ACTIVITY: Each record must come back unchanged in your answer, stripped of its images.

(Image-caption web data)
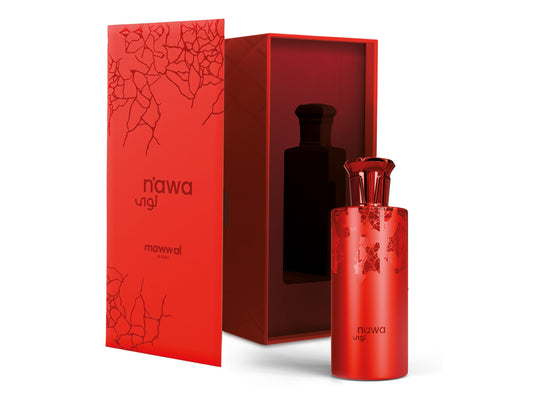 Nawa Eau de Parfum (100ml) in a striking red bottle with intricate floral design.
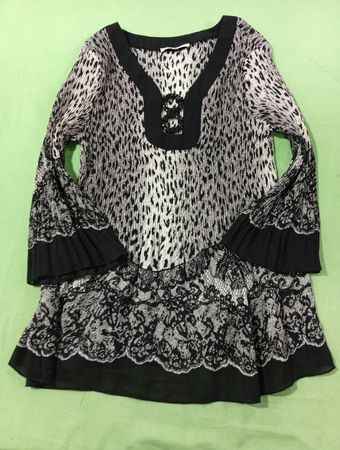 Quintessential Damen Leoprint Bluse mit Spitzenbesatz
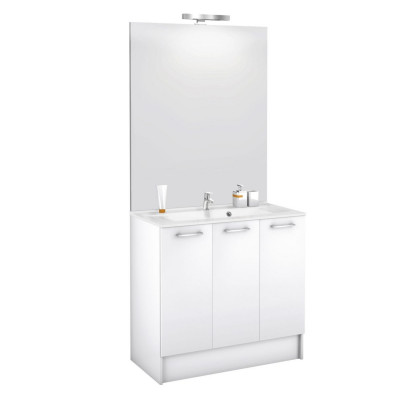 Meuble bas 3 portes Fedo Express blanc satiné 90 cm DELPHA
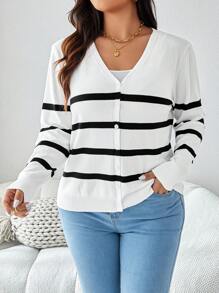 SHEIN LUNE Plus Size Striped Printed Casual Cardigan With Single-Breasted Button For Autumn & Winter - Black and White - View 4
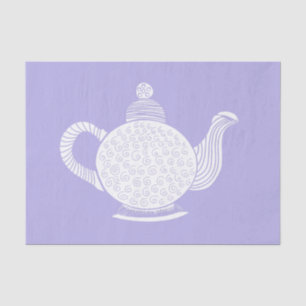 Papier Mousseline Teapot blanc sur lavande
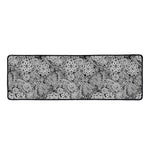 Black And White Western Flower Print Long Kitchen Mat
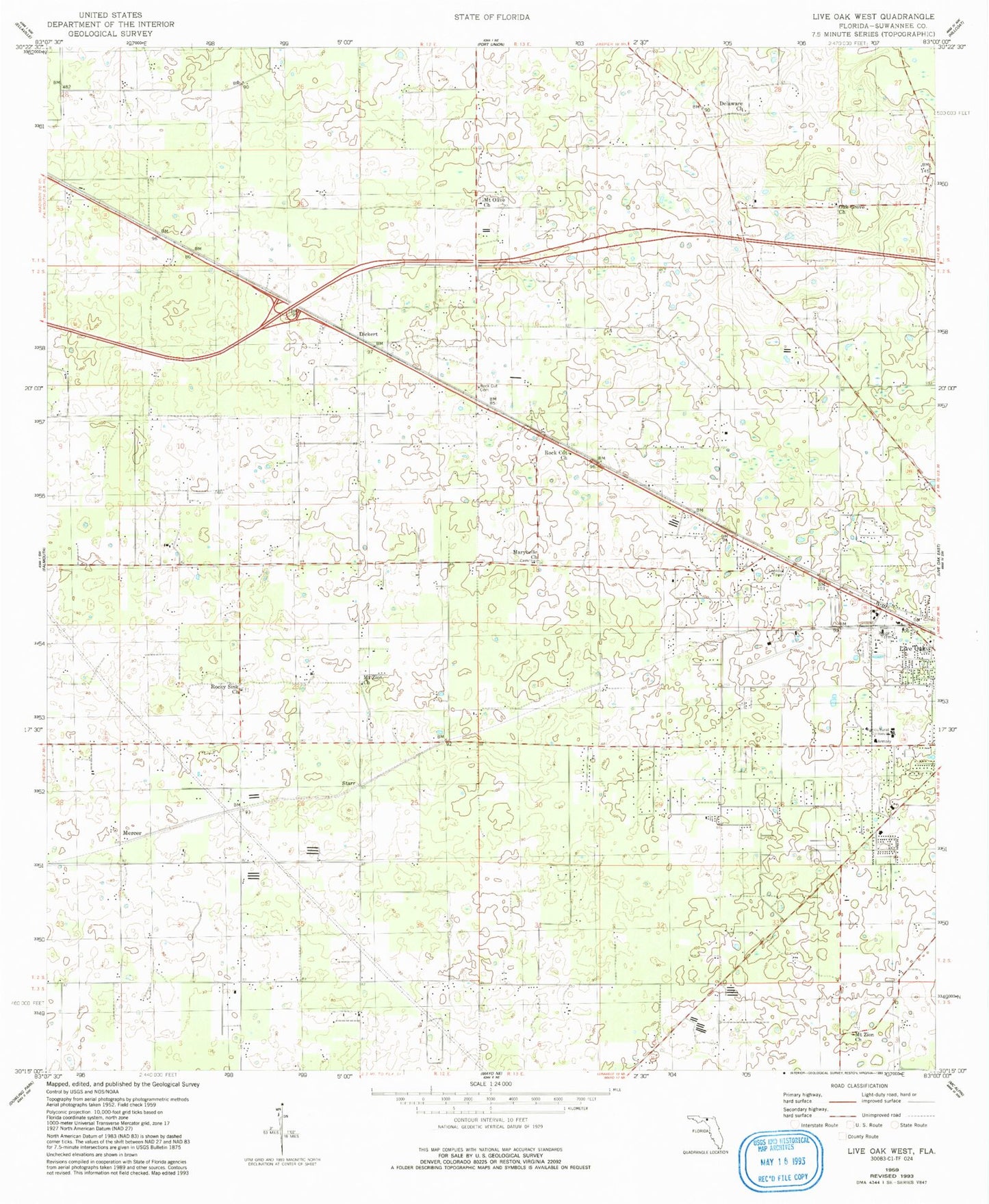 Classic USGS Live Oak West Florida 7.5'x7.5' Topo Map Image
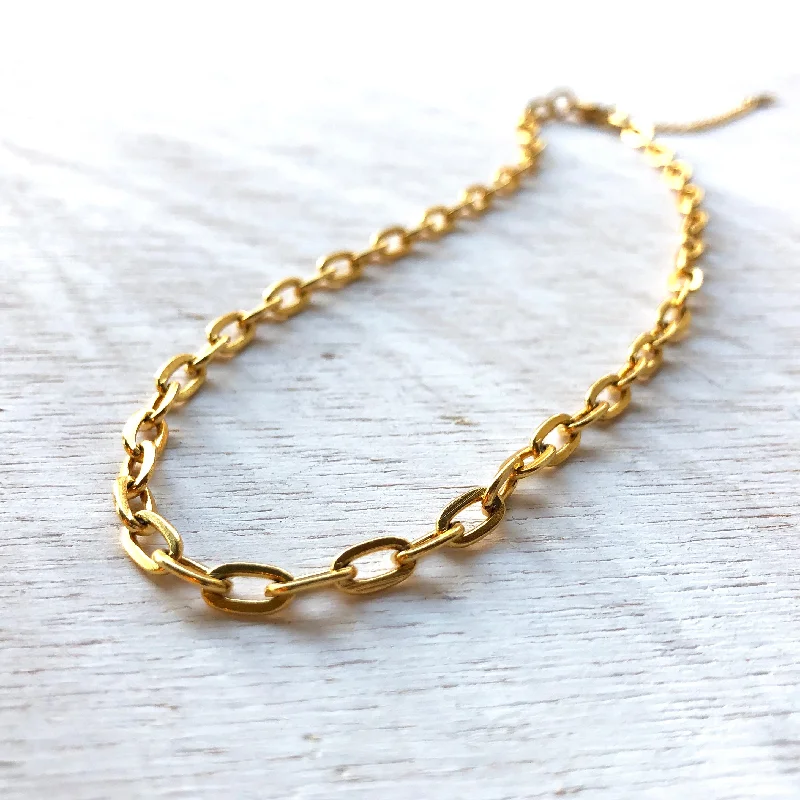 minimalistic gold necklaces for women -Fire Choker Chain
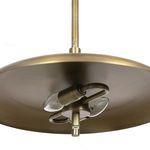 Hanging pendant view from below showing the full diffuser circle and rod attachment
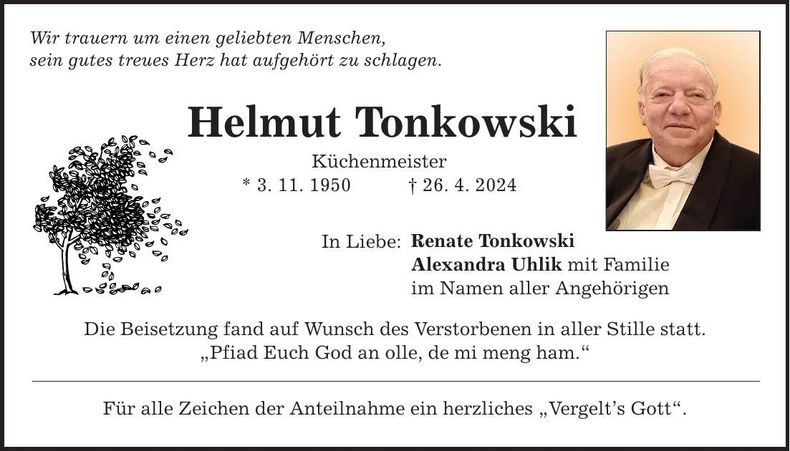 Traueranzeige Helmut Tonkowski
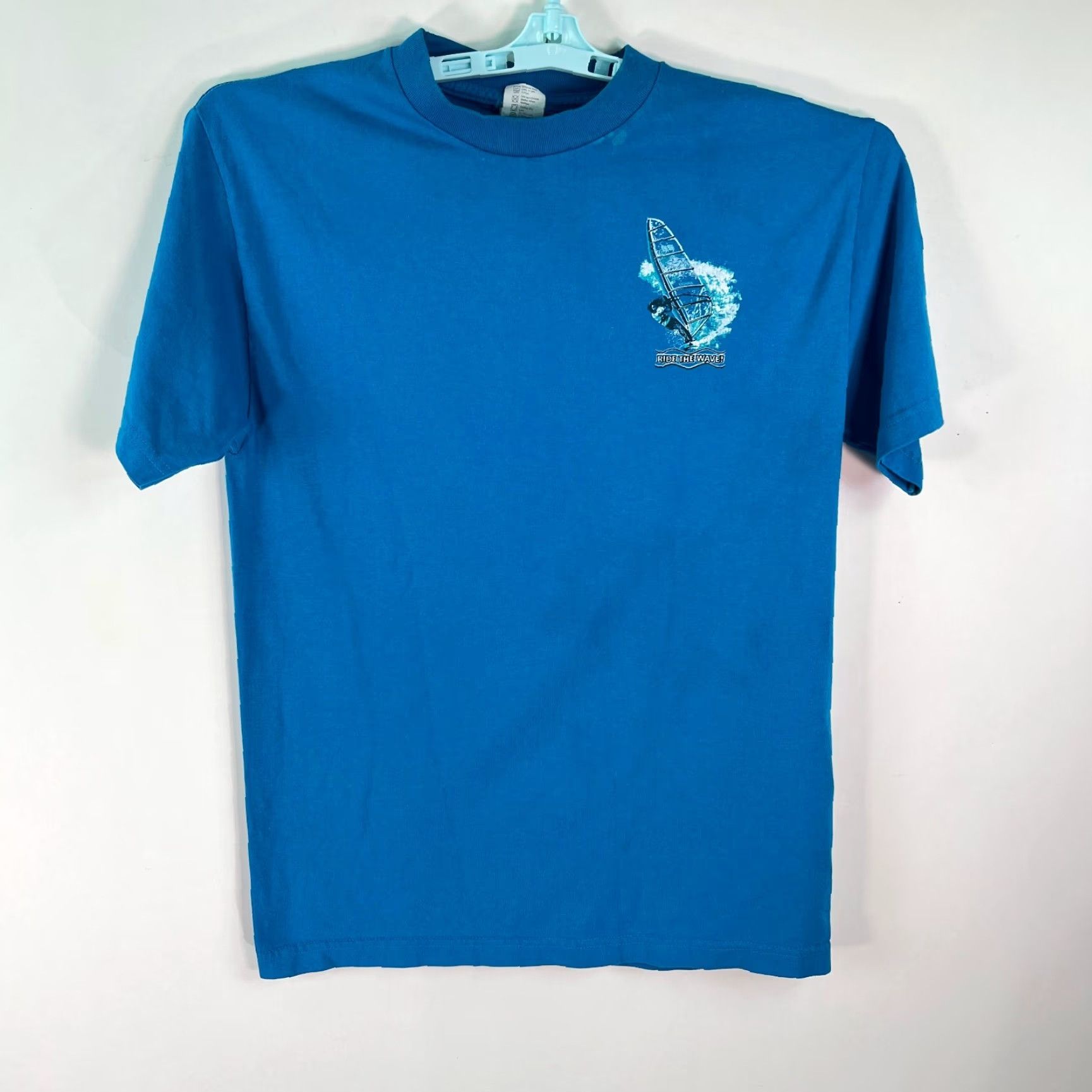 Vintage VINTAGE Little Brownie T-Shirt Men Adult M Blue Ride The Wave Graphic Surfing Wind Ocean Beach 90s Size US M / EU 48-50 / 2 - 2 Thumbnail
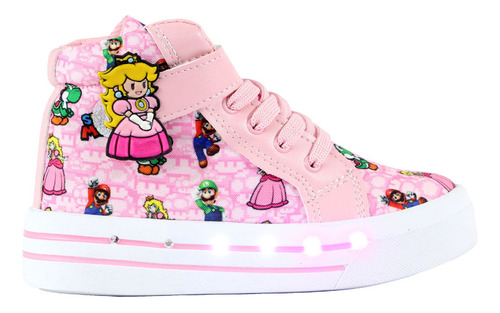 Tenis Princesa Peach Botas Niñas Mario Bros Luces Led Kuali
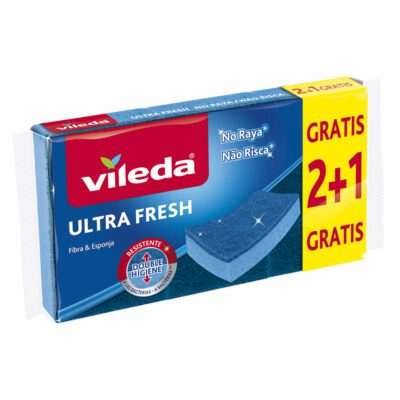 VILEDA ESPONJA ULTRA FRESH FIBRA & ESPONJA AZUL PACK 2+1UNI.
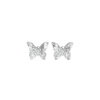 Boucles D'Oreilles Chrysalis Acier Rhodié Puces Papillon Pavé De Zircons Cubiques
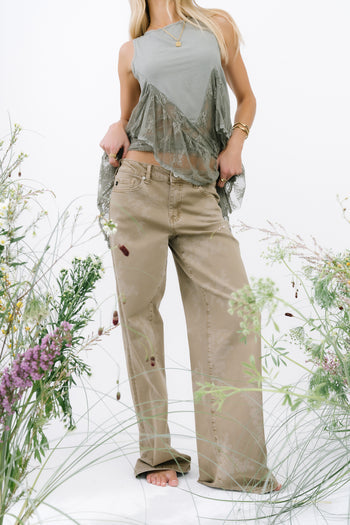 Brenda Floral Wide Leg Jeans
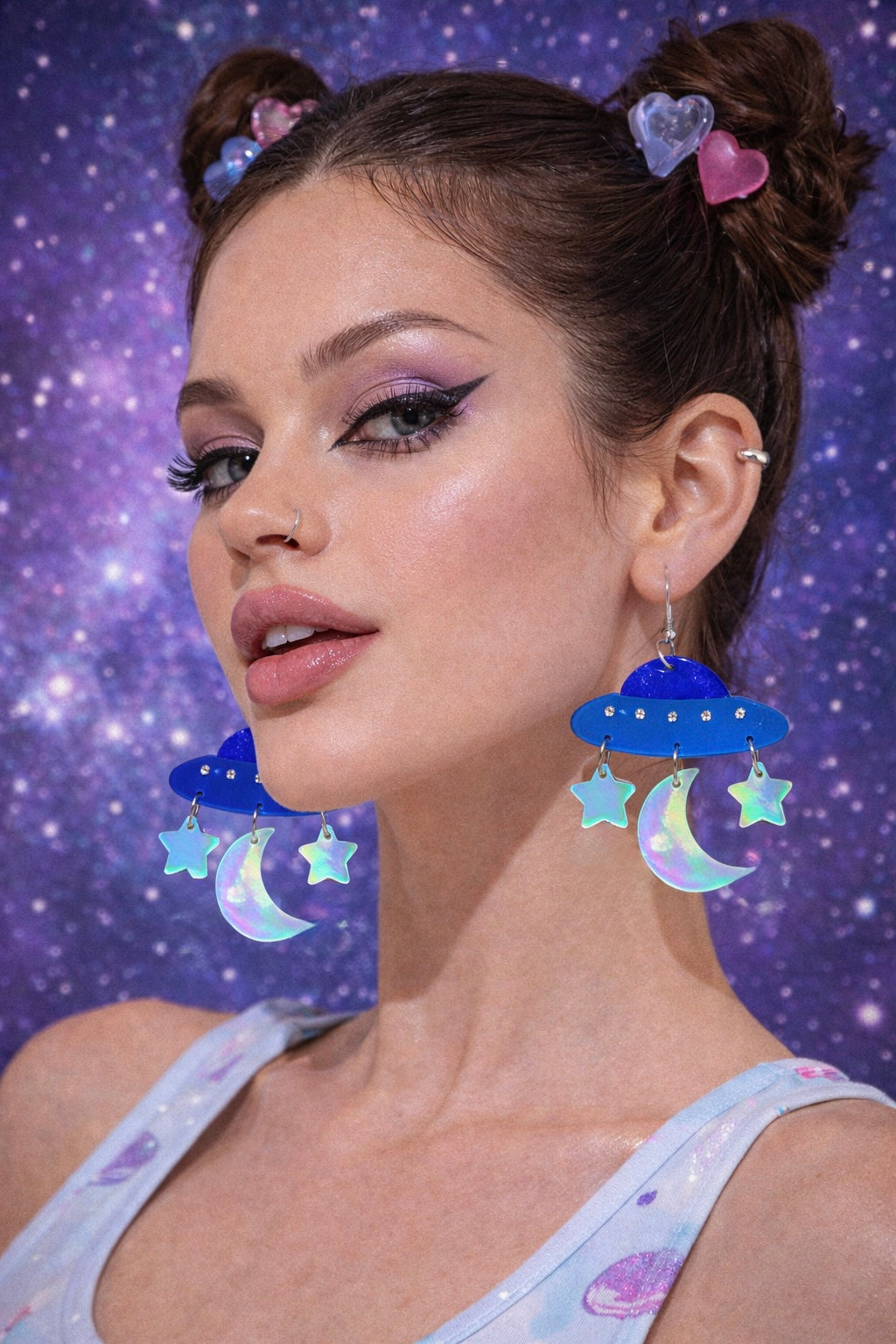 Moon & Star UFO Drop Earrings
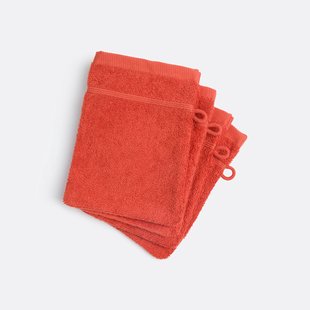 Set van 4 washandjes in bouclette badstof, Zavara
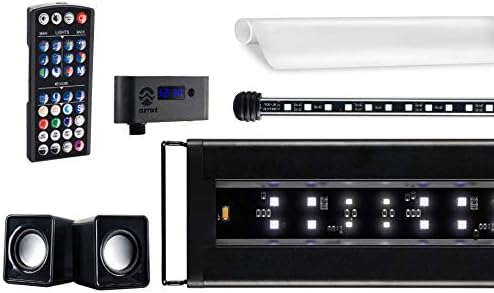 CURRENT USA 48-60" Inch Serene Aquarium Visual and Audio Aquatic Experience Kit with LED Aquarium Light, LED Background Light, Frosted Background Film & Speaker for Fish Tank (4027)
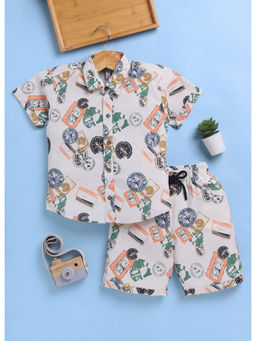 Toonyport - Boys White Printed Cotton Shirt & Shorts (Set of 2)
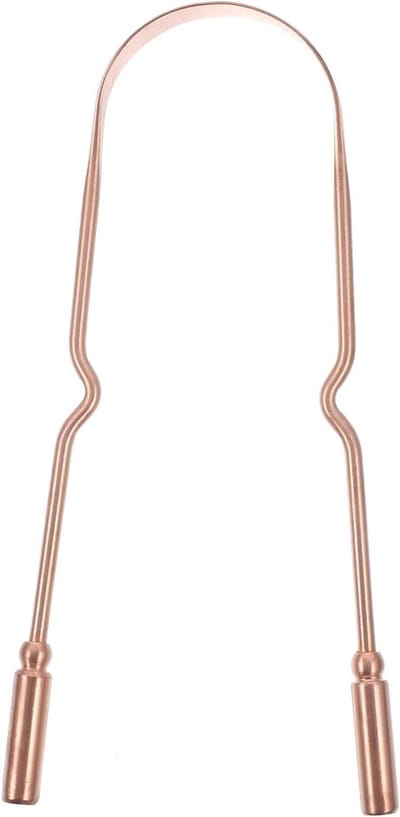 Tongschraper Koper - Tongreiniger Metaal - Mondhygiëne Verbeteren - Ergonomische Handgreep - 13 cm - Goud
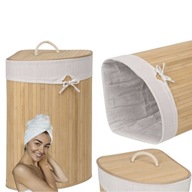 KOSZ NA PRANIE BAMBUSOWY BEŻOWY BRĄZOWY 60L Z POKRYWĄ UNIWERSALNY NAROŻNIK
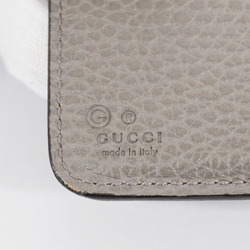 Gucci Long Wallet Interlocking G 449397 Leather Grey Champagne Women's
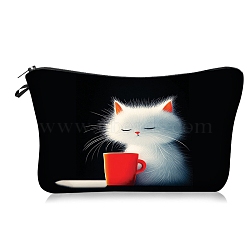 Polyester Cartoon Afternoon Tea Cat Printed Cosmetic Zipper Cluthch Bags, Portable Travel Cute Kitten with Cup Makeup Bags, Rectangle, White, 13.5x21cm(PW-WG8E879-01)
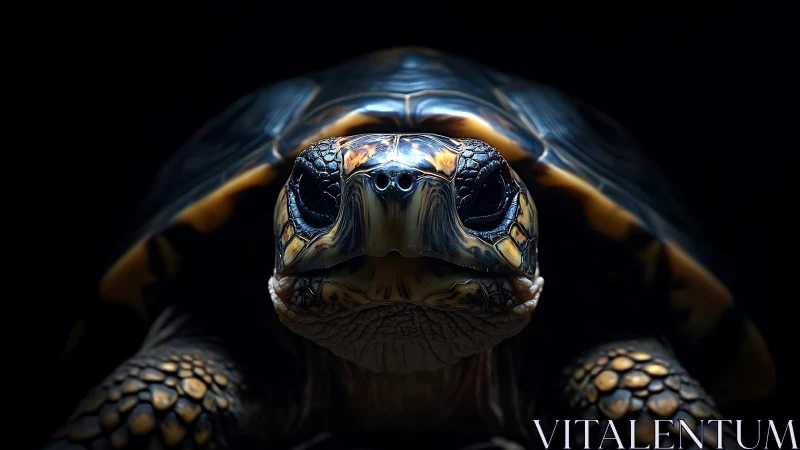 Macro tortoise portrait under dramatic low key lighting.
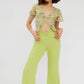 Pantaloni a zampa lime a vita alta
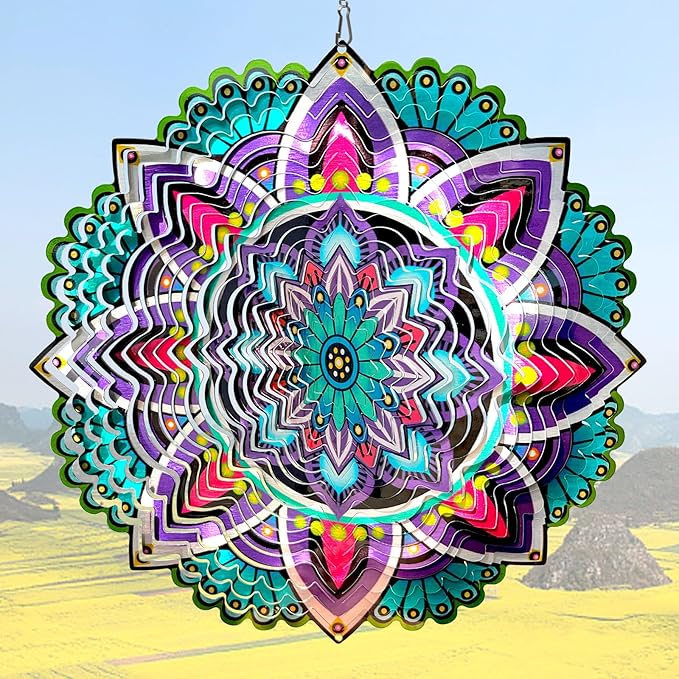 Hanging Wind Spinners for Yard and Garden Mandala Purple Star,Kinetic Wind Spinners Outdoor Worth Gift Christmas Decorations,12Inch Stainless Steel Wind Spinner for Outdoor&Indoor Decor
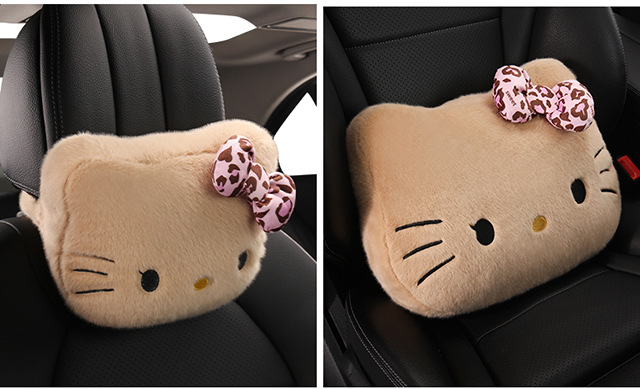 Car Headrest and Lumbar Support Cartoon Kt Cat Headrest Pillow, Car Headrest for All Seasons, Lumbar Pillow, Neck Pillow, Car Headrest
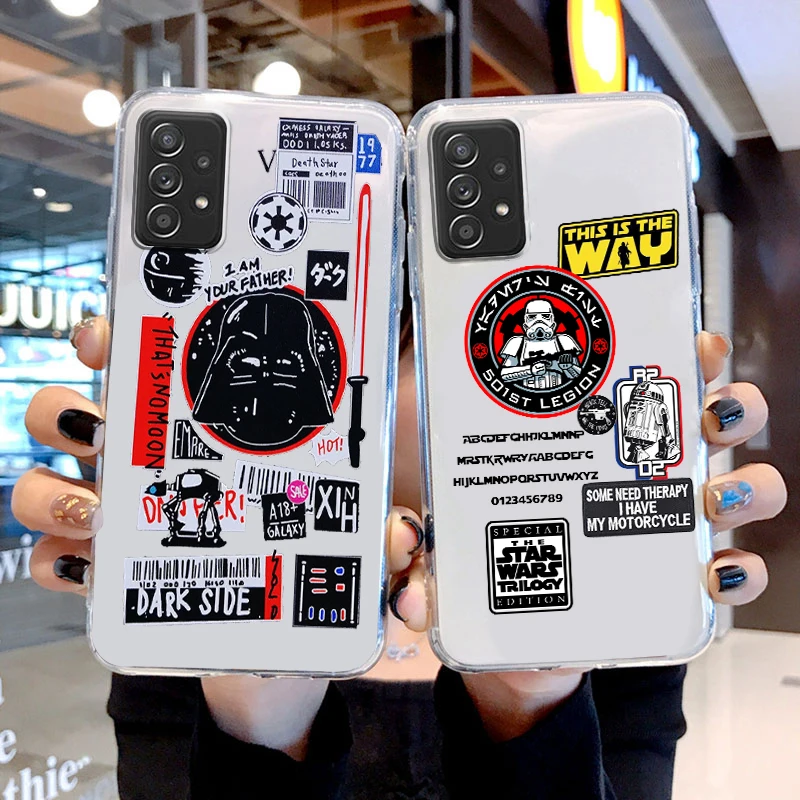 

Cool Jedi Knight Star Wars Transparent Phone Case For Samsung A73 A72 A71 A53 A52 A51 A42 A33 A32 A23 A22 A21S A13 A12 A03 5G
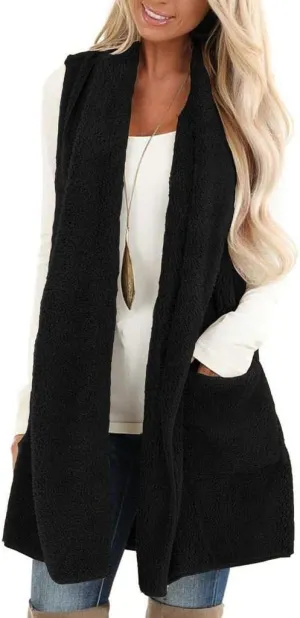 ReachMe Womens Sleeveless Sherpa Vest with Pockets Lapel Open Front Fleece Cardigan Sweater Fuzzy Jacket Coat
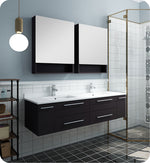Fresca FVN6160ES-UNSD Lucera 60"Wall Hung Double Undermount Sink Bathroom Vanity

THE ANSWER:
 Nawa Eau de Parfum (100ml) in a striking red bottle with intricate floral design.
 Quintessential Damen Leoprint Bluse mit Spitzenbesatz
 Meuble bas 3 portes Fedo Express blanc satiné 90 cm DELPHA
 SHEIN LUNE Plus Size Striped Printed Casual Cardigan With Single-Breasted Button For Autumn & Winter - Black and White - View 4
 Papier Mousseline Teapot blanc sur lavande
 Black And White Western Flower Print Long Kitchen Mat
 Classic USGS Live Oak West Florida 7.5'x7.5' Topo Map Image
 minimalistic gold necklaces for women -Fire Choker Chain
 Hanging pendant view from below showing the full diffuser circle and rod attachment
 Traueranzeige Helmut Tonkowski
 Vintage VINTAGE Little Brownie T-Shirt Men Adult M Blue Ride The Wave Graphic Surfing Wind Ocean Beach 90s Size US M / EU 48-50 / 2 - 2 Thumbnail
 Tenis Princesa Peach Botas Niñas Mario Bros Luces Led Kuali
 VILEDA ESPONJA ULTRA FRESH FIBRA & ESPONJA AZUL PACK 2+1UNI.
 Boucles D'Oreilles Chrysalis Acier Rhodié Puces Papillon Pavé De Zircons Cubiques
 Brenda Floral Wide Leg Jeans
 Moon & Star UFO Drop Earrings
 Set van 4 washandjes in bouclette badstof, Zavara
 CURRENT USA 48-60" Inch Serene Aquarium Visual and Audio Aquatic Experience Kit with LED Aquarium Light, LED Background Light, Frosted Background Film & Speaker for Fish Tank (4027)
 Toonyport - Boys White Printed Cotton Shirt & Shorts (Set of 2)
 Tongschraper Koper - Tongreiniger Metaal - Mondhygiëne Verbeteren - Ergonomische Handgreep - 13 cm - Goud
 KOSZ NA PRANIE BAMBUSOWY BEŻOWY BRĄZOWY 60L Z POKRYWĄ UNIWERSALNY NAROŻNIK
 Gucci Long Wallet Interlocking G 449397 Leather Grey Champagne Women's
 Polyester Cartoon Afternoon Tea Cat Printed Cosmetic Zipper Cluthch Bags, Portable Travel Cute Kitten with Cup Makeup Bags, Rectangle, White, 13.5x21cm(PW-WG8E879-01)
 Macro tortoise portrait under dramatic low key lighting.
 Pantaloni a zampa lime a vita alta
 Hanging Wind Spinners for Yard and Garden Mandala Purple Star,Kinetic Wind Spinners Outdoor Worth Gift Christmas Decorations,12Inch Stainless Steel Wind Spinner for Outdoor&Indoor Decor
 Car Headrest and Lumbar Support Cartoon Kt Cat Headrest Pillow, Car Headrest for All Seasons, Lumbar Pillow, Neck Pillow, Car Headrest

Cool Jedi Knight Star Wars Transparent Phone Case For Samsung A73 A72 A71 A53 A52 A51 A42 A33 A32 A23 A22 A21S A13 A12 A03 5G
 ReachMe Womens Sleeveless Sherpa Vest with Pockets Lapel Open Front Fleece Cardigan Sweater Fuzzy Jacket Coat
Fresca FVN6160ES-UNSD Lucera 60"Wall Hung Double Undermount Sink Bathroom Vanity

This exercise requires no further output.